Introduction Moyamoya syndrome is a rare, progressive disorder characterised by stenosis of the vasculature of the Circle of Willis with formation of a tortuous collateral system. The aetiology may be idiopathic, or as a consequence of a number of associated diseases. No previous cases secondary to iron-deficiency anaemia have been reported.
Aim To report a case of Moyamoya syndrome secondary to iron-deficiency anaemia, and review the literature with regard to the haematological associations of Moyamoya syndrome.
Method The relevant case notes were reviewed. Key databases were searched for studies including the target phrases “Moyamoya syndrome” and “anaemia”.

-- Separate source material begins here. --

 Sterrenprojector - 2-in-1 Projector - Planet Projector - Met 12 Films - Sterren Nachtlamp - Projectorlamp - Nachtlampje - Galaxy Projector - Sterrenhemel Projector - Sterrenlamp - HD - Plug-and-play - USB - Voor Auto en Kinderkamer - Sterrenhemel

Results Case history: A 3 year old girl presents with a 12 hour history of right upper limb weakness and slurred speech. A background of pallor, daily vomiting and abdominal pain is elicited. Reduced power in the right upper and lower limbs and a right-sided upgoing plantar are noted on examination. Investigations reveal a haemoglobin of 1.9g/dL, with an iron-deficiency pattern. A faecal occult blood test is positive. Magnetic Resonance (MR) imaging shows focal middle cerebral artery territory ischaemia. MR Angiography shows Moyamoya vessels. Extensive investigations for associated pathologies are normal.
Literature review: Sickle cell disease is the most common haematological cause of the Moyamoya syndrome, whilst thalassemia, Fanconi’s anaemia and paroxysmal nocturnal haemoglobinuria are also reported. The likely pathogenesis in these instances is intimal proliferation in response to impaired arterial flow.
Conclusion We propose that severe iron-deficiency anaemia may result in Moyamoya syndrome through the mechanism of disrupted intracerebral arterial flow.